Der Saal der Bundespressekonferenz bekommt wegen seiner Architektur den Beinamen "Aquarium", 2018.
Die Holzwand mit dem quadratischen Muster hinter dem Podium ist genauso ein Markenzeichen des Saals wie die großen Fenster, 2018.
Bundeskanzler Helmut Kohl (r.) und DDR-Ministerpräsident Hans Modrow geben am 13. Februar 1990 ein Pressestatement ab zu den Verhandlungen zur deutschen Einheit.

Bundespressekonferenz

Ort politischer Pressegespräche
seit 1967

In den Saal der Bundespressekonferenz am Tulpenfeld laden Journalisten Regierungsmitglieder und Politiker ein, damit sie ihnen Rede und Antwort stehen.

Am 15. September 1949 wird Konrad Adenauer mit einer Stimme Mehrheit im Plenarsaal des Bundestags zum ersten Kanzler der Bundesrepublik Deutschland gewählt. Am Rande der Veranstaltung im Bundeshaus schlagen einige Journalisten per Aushang die „Gründung einer Bundespressekonferenz“ vor. Eine solche Konferenz, bei der die Parlamentskorrespondenten die Gastgeber sind, nicht die Politiker, hat es auch in den Weimarer Jahren, im Landtag von Hannover 1947 und beim Wirtschaftsrat in Frankfurt gegeben. Daran knüpft man nun an. Ab dem 11. Oktober 1949 existiert ein entsprechender Verein.

Die ersten Gäste, die den versammelten Parlamentskorrespondenten Rede und Antwort stehen, heißen Konrad Adenauer und Ludwig Erhard. Die Konferenzen finden zunächst in unterschiedlichen Räumlichkeiten des Bundeshauses statt, das Sekretariat sitzt noch in einer der Pressebaracken.

Eine große Gruppe von Pressevertretern vor der Fensterfront des Saals der Bundespressekonferenz in Bonn, auf mehreren Stuhlreihen, mit zahlreichen Foto- und Videokameras ausgestattet
Vor Fotografen, Kamerateams und Journalisten gibt der SPD-Parteivorsitzende Oskar Lafontaine am 2. März 1998 die Kanzlerkandidatur von Gerhard Schröder bekannt.
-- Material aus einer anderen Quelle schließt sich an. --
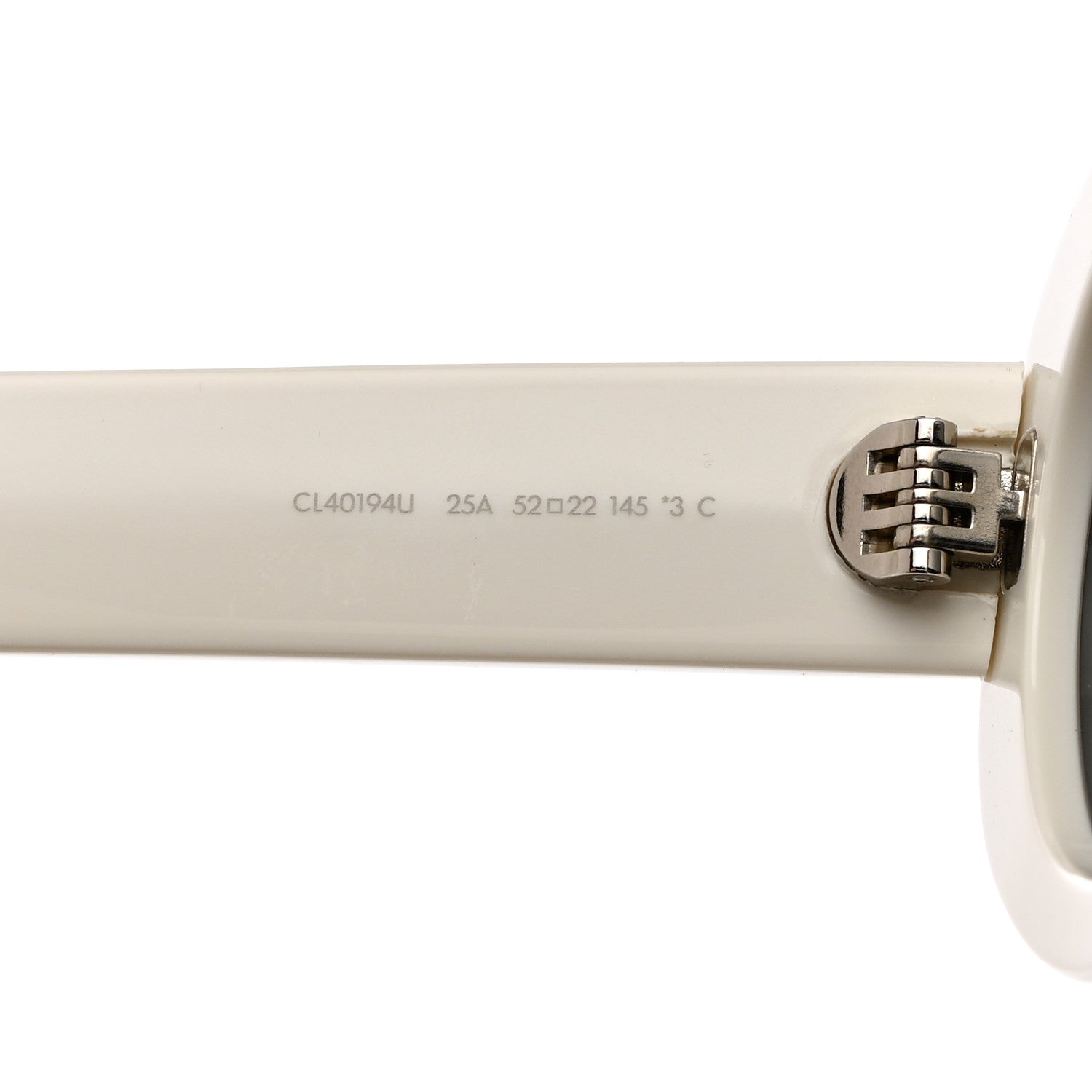 Celine Acetate Triomphe 01 Sunglasses CL 40194U White 5 of 6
Ab Herbst 1967 lädt die „Bundespressekonferenz“ dann Politiker und wichtige Personen des politischen Lebens in einen eigenen, nur für diese Konferenzen genutzten Saal im Tulpenfeld ein.

„Aquarium“ wird er im Viertel genannt: Er ragt im ersten Stock des sechsgeschossigen Gebäudes auf den Vorplatz hinaus, steht auf Stelzen und hat zu beiden Seiten bodentiefe Fenster. Die Architektur ist Ausdruck der Überparteilichkeit und Transparenz, die mit der „Bundespressekonferenz“ in die politischen Vorgänge gebracht werden soll.

Charima Reinhardt ist stellvertretende Regierungssprecherin des Kabinetts von Gerhard Schröder. Auf der letzten Bundespressekonferenz in Bonn vor dem Berlin-Umzug der Regierung spricht sie am 4. August 1999 über das Verhältnis von Regierung und Journalisten.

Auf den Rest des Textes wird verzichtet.